Başkalarına kendi acılarınızdan söz etmek ne kadar mantıklı?
Bazı insanların aşırı derecede iyimserliği aslında beni deli ediyor. Bir bakıma şöyle düşünmeden edemiyorum. Bu bazı insanlar dediğim kimseler, bir eli yağda öteki balda yaşarken, aynı zamanda hayata pozitif bakmanın doğru olduğunu savunuyor. Kendilerini bu savundukları düşünceye öylesine kaptırmışlar ki, dünyada acı çeken kimseleri görmeyecek kadar kör olmuşlar.
Pozitif bakmak iyidir!
Ancak bulunduğun ortam ve şartlar buna müsait ise; pozitif bir düşünceye sahip olabilirsin.
Üniversiteyi yeni bitirmiş çok güzel bir maaşla işe başlamış birisi, hatta belki götüne giydiği iç donu bile marka iken, açlık ve sefalet çeken birine nasıl olur da ”pozitif düşün” diyebilir ki? İşte bu bazı insanlar dediklerimi hiç anlamıyorum ben.
Aynı şekilde acı çeken insanların, kendi acılarını paylaşmalarını da yersiz bulur oldum. Neden mi?
Çünkü çektiğiniz ve dile getirdiğiniz acılar aslında kendinizden başka kimsenin sikinde değil!
Kimsenin hayatı güllük gülistanlık değil. Herkes bir köşede acı içinde kıvranıyor. Benzer acıları yaşayanlar birbirine daha yakın olurken, uzak olanlar ise sadece ucuz yollu teselli ediyor o kadar. Ama emin olun beş dakika sona, anlattıklarınız daha doğrusu acılarınızı pek umursamıyor.

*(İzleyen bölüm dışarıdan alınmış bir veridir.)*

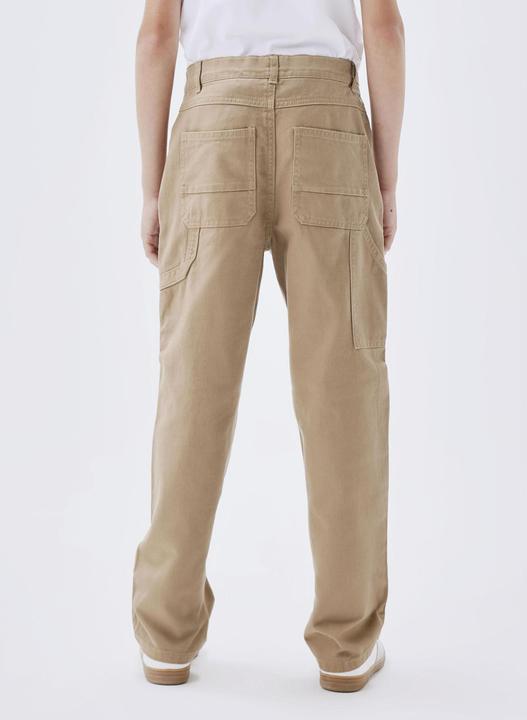 Image du produit Name it Jeans droits (152)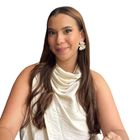 Prof. Saray Barón Duarte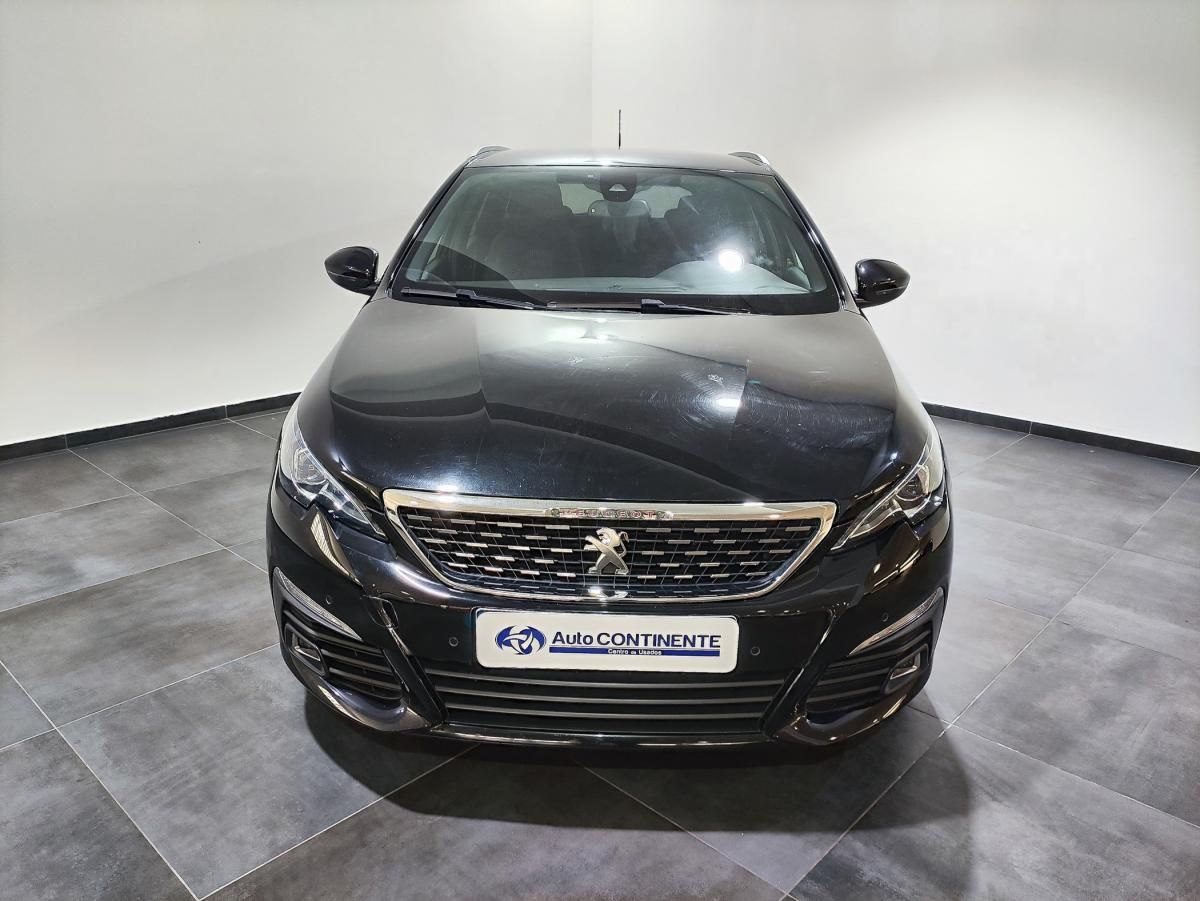 peugeot-308-sw-2020-diesel-1499cc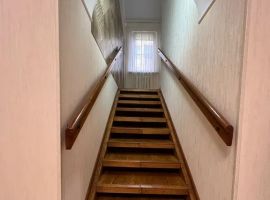 Дом в Ставропольский край, Кисловодск ул. Куйбышева, 55 (80 м²) - Куйбышева. Кисловодск - фото 7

Bugün mesela 9 şehit haberi vardı kanallarda.
Aynı şekilde bugün, sokaklarda bangır bangır müzik çalarak, lüks arabasıyla gezen tipler de vardı. Bu neye benziyor biliyor musunuz?

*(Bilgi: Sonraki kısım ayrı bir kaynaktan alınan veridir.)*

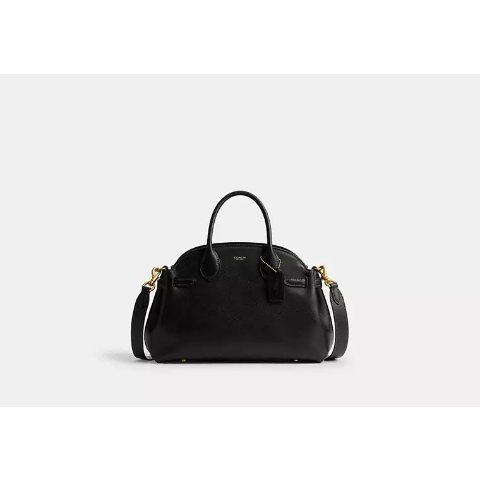 Coach Soft Empire Carryall Bag 28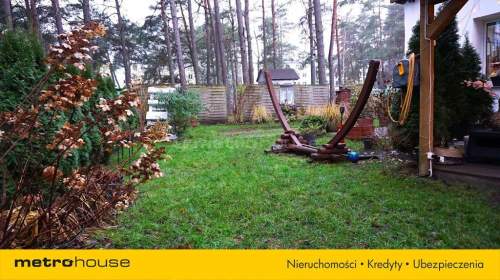 Mieszkanie na sprzedaż, 62,44 m2, Borne Sulinowo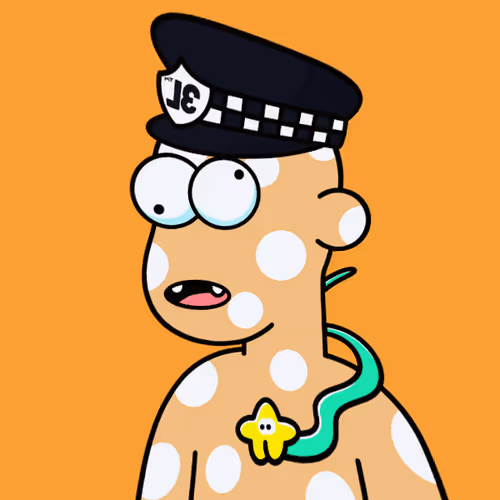 Item #3706015803071944802422257557059414565655317950530634453594665259845910790244 Media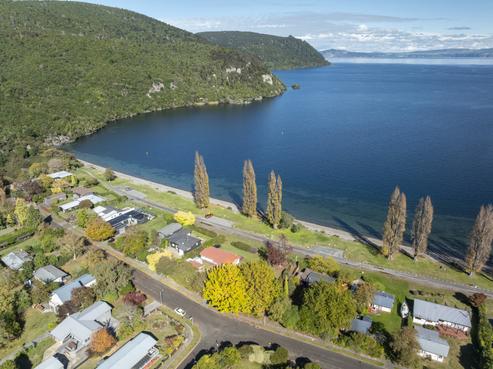 11 Keitha Place, Kinloch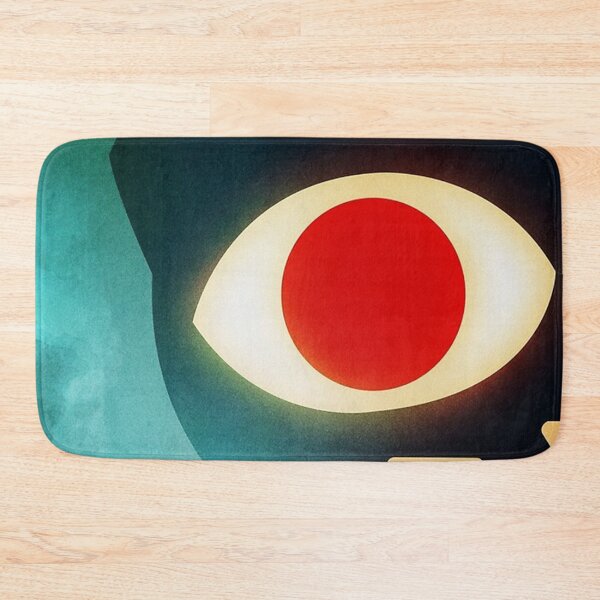 Item preview, Nightmare eyes designed and sold by audreymlangley.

Evin birinde cenaze var. O malum belediyenin taziye evine gönderdiği çadırlardan kurulmuş. Ama arka sokağında sandalyeler atılmış, sokak düğünü var. Yani bir taraf acı çekerken, diğer taraf hep gülüp geçiyor.

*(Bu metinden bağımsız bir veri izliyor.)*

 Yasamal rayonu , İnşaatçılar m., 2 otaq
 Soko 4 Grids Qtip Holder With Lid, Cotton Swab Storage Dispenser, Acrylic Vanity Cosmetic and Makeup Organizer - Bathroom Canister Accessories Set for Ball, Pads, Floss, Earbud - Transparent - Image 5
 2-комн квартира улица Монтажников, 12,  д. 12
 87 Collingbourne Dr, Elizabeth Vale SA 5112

Kendime bazen, acı çekenlerden mi? Yoksa gülüp geçenlerden miyim diye soruyorum.
İkisi arasında sıkışıp kalan salağın tekiyim aslında. Yani insanın hayatta bir duruşu olur değil mi? Ya gülüp geçersin hayata, ya da oturup derdine yanarsın. Ben hep ortada kalanlardanım.
Kızın biri sevgilisinden ayrılmış, her gün sol yanım acıyor deyip duruyor.
Başka biri, evladını kaybetmiş ve yıllardır bu acı yüreğinde kanayıp durmuş.
Yine başka biri, evime nasıl ekmek götürürüm derinde…
Yani bir yerlerde birileri hep acı çekerken kıvranırken, birileri hep gülüp oynuyor ve eğleniyor.
O yüzden diyorum ki, çektiğiniz acıları anlatmak yerine susun daha iyi.
Kimsenin size bir faydası yok…
Acıların çocuğunu oynamanın anlamı da yok…
Ama diyorsunuz ki, neticesinde insanız. Paylaşmaya anlatmaya ihtiyacımız var.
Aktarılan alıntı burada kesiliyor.